Heartbeat Bill in Texas
In May 2021 Texas implemented one of the most restrictive abortion laws in the nation. Signed into law by Governor Greg Abbott, Texas Senate Bill 8 of the 87th legislature prohibits abortion once a fetal heartbeat is detectable, which can be as early as 6 weeks. Similar laws, called ‘heartbeat laws’ or ‘heartbeat bills’ have been passed in several states and held up to high court scrutiny.
The Texas heartbeat bill has created controversy amongst pro-choices advocates who argue that the law essentially constitutes an abortion ban. Among the more contentious points of the bill are:
- The bill bans abortions after 6 weeks, which in some cases only gives a two-week window after a missed menstrual cycle.
- The bill makes no exceptions for rape or incest.
- Private individuals can sue abortion providers if an abortion takes place after the 6 week period, regardless of whether they had any involvement in the abortion or not.
Proponents of the bill maintain that the heartbeat law saves lives and prevents abortion as a means of birth control. Said Abbott “Our creator endowed us with the right to life and yet millions of children lose their right to life every year because of abortion. In Texas, we work to save those lives, and that’s exactly what the Texas Legislature did this session.”

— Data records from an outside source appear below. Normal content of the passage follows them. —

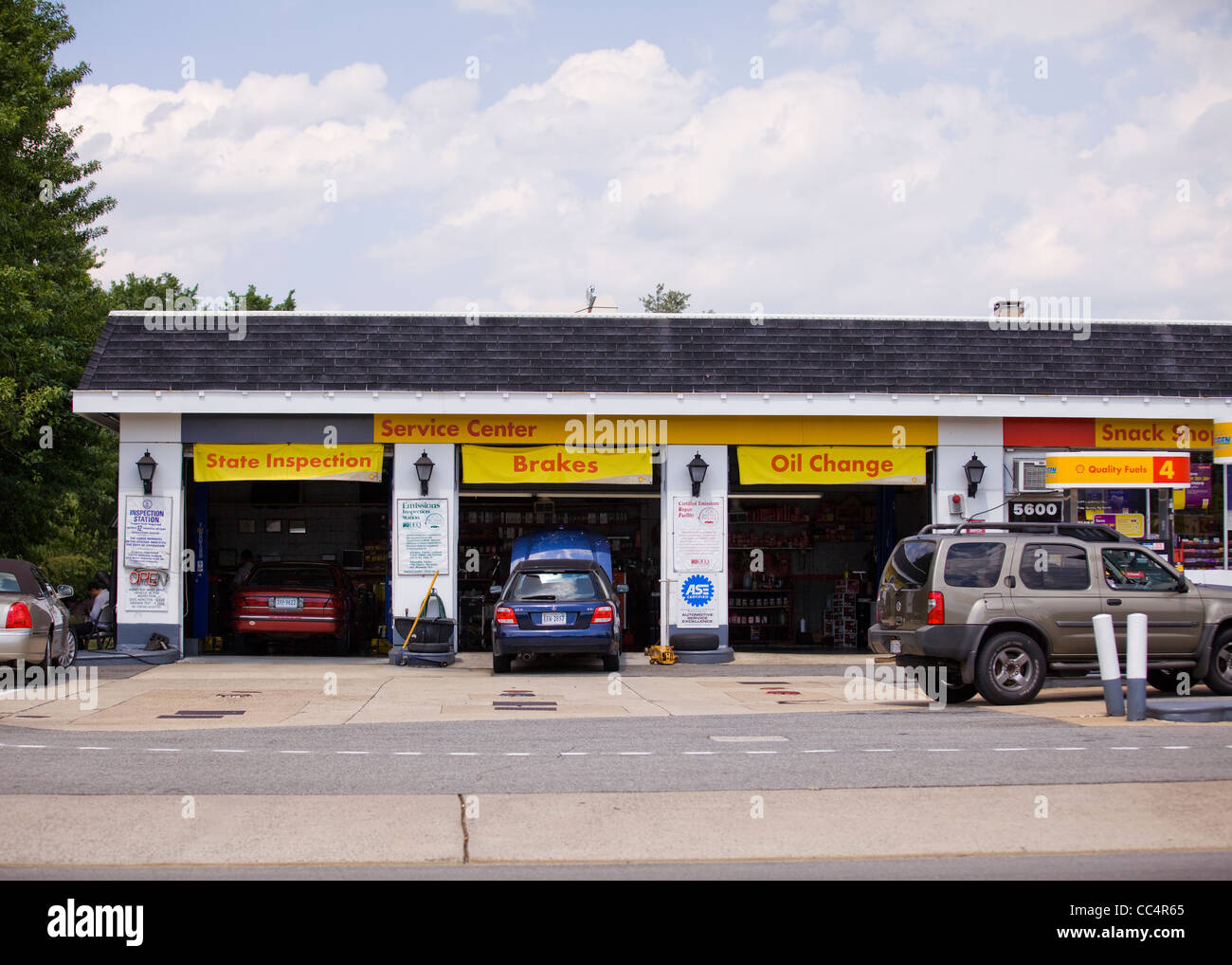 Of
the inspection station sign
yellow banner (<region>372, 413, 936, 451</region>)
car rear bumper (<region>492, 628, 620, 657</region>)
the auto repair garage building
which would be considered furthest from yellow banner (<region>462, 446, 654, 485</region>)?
the inspection station sign

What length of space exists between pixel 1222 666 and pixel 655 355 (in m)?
9.58

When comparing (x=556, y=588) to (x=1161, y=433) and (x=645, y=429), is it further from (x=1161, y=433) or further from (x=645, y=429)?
(x=1161, y=433)

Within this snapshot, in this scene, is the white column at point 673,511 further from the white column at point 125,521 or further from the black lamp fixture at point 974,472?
the white column at point 125,521

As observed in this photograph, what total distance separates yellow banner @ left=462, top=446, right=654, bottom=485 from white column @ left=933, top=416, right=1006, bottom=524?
4707mm

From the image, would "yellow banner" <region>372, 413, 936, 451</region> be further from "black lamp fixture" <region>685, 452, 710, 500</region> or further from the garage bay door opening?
the garage bay door opening

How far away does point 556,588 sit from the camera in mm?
16734

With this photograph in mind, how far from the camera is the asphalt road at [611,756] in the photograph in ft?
28.1

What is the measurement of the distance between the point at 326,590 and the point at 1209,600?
12.7 metres

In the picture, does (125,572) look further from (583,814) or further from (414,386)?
(583,814)

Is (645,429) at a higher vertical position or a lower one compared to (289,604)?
higher

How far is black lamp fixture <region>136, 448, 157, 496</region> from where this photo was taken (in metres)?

It’s likely the heartbeat bill will be challenged, and its long term viability could be tested. In May, the Supreme Court agreed to hear a lawsuit brought against a Mississippi law which creates an abortion ban on terminations after 15 weeks. The lawsuit alleges 15 weeks is too small a window for an abortion and creates an undue burden on a woman’s right to abortion before viability. Should Mississippi’s law stand, it will create precedent for Texas’s law. If Mississippi’s heartbeat bill is struck down, Texas’s law will face similar peril.